Building plans for homebound bird enthusiasts
April 22, 2020
Assistant Chief of Communications
LITTLE ROCK — Birdhouses shaped like cabins and decorated like a Hilton may be nice yard ornaments, but many go unnoticed by the songbirds people are trying to attract. The best bluebird houses often are crafted by hand, and rarely take more than a single 6-foot board, a handful of nails and some quality time with family members.
The AGFC has an easy nestbox plan available at www.agfc.com/brochures ideal for an afternoon or weekend project. It takes minimal skills with a saw and hammer, and will be a fun addition to your yard for many years to come. A few cuts, some nails and one drilled entrance hole is all it takes to put together this basic home that will invite songbirds to stay a while and raise a family.
Many people want to extend the project by painting their birdhouse, but there’s no need to do so. White paint may make it slightly cooler in the summer, but can actually be a hindrance to birds using it. Some paints can be toxic to the adult and juvenile birds. Lingering paint fumes also may keep the birds away until the birdhouse has been out for months, leading to some frustration from eager viewers. Keeping it basic is best, and cavity nesters like bluebirds will appreciate the natural touch.
Be sure to include a couple of small holes in the bottom of the box to let water drain and a hole or two in the side near the top of the box to let air vent during summer.
Many songbirds like to nest where forests meet fields. This “edge” offers fast access to food as well as shelter. Bluebirds, in particular, nest in objects 4 to 6 feet off the ground close to the open side of the “edge,” such as fencerows. They even use the fence as a hunting perch to look for grasshoppers, katydids and other insects. Some gardeners like to put bluebird boxes near their gardens. The birds won’t touch your vegetables, and they eat hornworms, katydids and grasshoppers that can ravage your tomato crop.
Be careful to keep your bluebird house away from possible harm from predators. Raccoons, snakes and squirrels will destroy bluebird nests and eat the eggs. The largest threat to both mother bluebird and her chicks is the common housecat. Try to mount the box far enough from branches and fences so that a nest predator can’t jump on the box or stick a paw through the entrance, and keep the cat indoors. The best practice is to keep at least a foot of cleared area in all directions from the birdhouse. You can place it on a post or mount it to a piece of 1-inch diameter conduit pipe to make sure you have enough clearance from predators.

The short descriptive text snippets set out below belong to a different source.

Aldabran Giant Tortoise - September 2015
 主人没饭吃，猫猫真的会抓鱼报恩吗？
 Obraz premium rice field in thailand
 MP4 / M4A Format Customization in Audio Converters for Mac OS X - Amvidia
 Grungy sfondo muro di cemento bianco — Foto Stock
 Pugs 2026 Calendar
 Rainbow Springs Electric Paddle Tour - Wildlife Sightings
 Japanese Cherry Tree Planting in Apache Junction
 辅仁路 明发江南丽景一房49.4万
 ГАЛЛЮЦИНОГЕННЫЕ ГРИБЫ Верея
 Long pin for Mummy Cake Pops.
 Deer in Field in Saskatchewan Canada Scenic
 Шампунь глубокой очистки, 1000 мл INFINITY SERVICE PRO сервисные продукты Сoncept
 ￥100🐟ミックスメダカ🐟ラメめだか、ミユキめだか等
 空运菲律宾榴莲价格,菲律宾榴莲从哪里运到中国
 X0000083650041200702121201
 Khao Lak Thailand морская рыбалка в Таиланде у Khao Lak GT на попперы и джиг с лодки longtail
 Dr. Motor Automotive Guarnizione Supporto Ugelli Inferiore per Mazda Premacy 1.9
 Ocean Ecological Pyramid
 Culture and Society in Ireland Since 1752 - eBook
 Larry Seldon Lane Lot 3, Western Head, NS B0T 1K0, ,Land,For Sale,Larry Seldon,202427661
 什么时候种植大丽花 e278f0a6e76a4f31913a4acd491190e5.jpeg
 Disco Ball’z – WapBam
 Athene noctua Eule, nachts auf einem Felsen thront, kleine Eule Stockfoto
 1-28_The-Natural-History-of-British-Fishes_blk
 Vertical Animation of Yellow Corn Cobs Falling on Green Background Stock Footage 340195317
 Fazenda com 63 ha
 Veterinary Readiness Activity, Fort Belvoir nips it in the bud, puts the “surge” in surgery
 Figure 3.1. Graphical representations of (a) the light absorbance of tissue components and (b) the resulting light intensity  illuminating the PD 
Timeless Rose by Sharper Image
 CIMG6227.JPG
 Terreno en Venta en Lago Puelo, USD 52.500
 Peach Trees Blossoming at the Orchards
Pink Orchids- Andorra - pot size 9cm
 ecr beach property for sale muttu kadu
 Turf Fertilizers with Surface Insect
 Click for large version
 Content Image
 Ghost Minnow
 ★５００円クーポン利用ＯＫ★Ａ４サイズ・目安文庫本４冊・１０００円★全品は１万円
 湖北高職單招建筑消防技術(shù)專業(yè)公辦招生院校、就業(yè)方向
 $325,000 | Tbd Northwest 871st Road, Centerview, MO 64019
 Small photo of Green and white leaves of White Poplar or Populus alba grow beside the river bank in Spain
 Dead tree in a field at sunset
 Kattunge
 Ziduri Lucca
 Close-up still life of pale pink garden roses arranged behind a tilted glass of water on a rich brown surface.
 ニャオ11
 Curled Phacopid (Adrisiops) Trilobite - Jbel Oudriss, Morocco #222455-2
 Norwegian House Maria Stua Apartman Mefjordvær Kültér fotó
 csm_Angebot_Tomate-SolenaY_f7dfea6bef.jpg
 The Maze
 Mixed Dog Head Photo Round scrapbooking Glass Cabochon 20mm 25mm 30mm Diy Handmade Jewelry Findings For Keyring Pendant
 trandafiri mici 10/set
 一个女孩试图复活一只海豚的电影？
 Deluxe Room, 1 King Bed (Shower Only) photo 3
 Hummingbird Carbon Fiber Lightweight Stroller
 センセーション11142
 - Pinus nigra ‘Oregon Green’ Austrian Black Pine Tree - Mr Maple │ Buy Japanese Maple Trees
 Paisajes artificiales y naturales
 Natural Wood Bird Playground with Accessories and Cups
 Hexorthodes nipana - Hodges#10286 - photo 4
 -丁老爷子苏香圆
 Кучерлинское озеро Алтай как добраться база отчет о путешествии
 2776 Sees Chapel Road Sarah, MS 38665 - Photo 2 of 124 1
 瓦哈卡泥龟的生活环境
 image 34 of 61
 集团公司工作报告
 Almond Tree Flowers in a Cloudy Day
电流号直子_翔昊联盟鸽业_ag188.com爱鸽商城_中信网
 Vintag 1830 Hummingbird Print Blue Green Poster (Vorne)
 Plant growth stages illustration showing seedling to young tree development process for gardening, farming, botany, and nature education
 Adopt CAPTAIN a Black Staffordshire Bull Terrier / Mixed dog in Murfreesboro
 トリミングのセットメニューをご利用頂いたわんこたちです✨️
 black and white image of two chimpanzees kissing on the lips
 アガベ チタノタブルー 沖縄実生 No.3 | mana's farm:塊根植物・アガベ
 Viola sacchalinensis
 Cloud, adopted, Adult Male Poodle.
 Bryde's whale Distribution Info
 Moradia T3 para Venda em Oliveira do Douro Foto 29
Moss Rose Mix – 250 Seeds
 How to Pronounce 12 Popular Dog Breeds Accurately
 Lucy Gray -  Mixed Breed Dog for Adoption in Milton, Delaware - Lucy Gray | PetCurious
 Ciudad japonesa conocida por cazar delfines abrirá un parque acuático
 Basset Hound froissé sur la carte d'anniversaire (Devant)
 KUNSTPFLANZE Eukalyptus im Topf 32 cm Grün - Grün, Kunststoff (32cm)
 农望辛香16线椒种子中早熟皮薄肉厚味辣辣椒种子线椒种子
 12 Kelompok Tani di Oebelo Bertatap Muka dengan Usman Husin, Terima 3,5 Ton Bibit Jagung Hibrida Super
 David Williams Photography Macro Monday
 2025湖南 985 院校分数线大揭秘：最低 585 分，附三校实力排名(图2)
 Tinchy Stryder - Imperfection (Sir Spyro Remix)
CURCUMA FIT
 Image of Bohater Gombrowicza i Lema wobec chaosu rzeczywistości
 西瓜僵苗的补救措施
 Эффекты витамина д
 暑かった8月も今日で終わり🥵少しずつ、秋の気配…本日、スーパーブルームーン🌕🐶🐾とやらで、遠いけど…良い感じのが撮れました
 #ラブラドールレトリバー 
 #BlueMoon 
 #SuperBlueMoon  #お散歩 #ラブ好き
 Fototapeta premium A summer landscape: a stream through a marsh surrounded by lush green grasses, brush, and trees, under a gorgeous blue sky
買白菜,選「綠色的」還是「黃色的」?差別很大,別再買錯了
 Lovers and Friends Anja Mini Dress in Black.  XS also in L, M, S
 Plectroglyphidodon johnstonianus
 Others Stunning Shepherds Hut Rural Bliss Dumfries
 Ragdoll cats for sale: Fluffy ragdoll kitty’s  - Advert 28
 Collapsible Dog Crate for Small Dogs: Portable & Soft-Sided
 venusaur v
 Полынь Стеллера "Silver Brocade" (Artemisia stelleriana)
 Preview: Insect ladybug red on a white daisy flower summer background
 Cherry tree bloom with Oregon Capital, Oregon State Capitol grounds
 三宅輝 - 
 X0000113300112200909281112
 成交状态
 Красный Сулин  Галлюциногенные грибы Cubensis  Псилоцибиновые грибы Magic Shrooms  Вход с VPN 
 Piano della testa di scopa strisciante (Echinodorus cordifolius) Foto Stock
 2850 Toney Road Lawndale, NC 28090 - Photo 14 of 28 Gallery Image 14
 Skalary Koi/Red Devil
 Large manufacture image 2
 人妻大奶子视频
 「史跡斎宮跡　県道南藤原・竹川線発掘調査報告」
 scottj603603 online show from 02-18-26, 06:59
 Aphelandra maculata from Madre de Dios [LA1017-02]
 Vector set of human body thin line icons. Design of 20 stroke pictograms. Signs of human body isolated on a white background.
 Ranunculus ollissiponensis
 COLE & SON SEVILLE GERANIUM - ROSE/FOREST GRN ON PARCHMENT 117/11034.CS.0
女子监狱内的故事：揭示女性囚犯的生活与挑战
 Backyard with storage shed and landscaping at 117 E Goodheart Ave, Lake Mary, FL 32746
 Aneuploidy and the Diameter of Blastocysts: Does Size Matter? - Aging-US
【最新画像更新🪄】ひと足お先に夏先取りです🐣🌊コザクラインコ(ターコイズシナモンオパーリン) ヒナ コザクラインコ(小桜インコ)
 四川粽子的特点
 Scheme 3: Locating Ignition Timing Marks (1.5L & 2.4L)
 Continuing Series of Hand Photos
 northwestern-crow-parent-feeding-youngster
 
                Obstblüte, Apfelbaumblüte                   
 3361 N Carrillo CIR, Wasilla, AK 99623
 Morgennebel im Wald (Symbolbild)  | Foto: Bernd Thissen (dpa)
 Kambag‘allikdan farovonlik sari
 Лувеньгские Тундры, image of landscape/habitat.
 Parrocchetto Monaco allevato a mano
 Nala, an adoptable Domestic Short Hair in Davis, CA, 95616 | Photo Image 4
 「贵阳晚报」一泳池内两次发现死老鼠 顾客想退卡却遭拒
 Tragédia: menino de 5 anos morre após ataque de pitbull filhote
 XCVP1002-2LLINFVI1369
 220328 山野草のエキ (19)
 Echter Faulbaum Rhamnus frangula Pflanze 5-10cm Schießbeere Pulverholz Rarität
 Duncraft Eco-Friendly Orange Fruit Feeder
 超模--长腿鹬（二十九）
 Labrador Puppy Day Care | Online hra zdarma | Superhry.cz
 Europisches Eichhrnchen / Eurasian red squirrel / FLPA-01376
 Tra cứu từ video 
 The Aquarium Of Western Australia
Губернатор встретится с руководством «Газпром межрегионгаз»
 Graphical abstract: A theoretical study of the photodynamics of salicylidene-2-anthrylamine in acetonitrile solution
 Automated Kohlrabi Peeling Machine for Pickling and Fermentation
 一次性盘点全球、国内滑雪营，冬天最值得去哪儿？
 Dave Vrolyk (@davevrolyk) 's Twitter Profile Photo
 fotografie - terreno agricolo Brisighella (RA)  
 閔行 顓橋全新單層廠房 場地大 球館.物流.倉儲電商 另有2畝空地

The pipe may not look as appealing as mounting on a tree, but it helps prevent climbing species from getting to the nest inside.
The hard part comes after you’ve hung the birdhouse in a promising location – you have to wait. Sometimes birds may move in within days, but some birdhouses may sit vacant for a few months before birds find your offering. Resist the urge to open the box every day to see if there’s a bird inside. If they haven’t laid eggs and committed to the nest, you’ll likely scare them away. If you must take a quick peek, wait until the birds have finished laying their eggs.
It may seem like torture waiting for the birds to arrive, but once they do, the whole process is pretty fast. A pair of bluebirds can build their nest in a couple of days. The female will lay one egg per day until she has 4 to 6 eggs in the nest. Once the last egg is laid, the female and male will take turns incubating the eggs for 12 to 15 days before they hatch. The fully fledged chicks will emerge from the box 15 to 18 days later, but they often stay near the birdhouse with their parents until they are ready to venture out on their own.
There’s really no need to dump the old nest once the chicks have left the home. Adult bluebirds will clean it out and reuse the box up to four times in one year. Eastern bluebirds have been seen using nest boxes as late as August in Arkansas, so the best practice is to keep your distance and admire them from a safe distance. If you’re looking for an additional winter project, you can help them with their chores once you’re sure the chicks aren’t using the nest anymore.
Even though it’s called a bluebird box, there’s no telling what songbird may come calling. Carolina chickadees, Carolina wrens, tufted titmice and even an occasional tree swallow may take up residence. You may even open the box one morning to find a flying squirrel tucked away inside.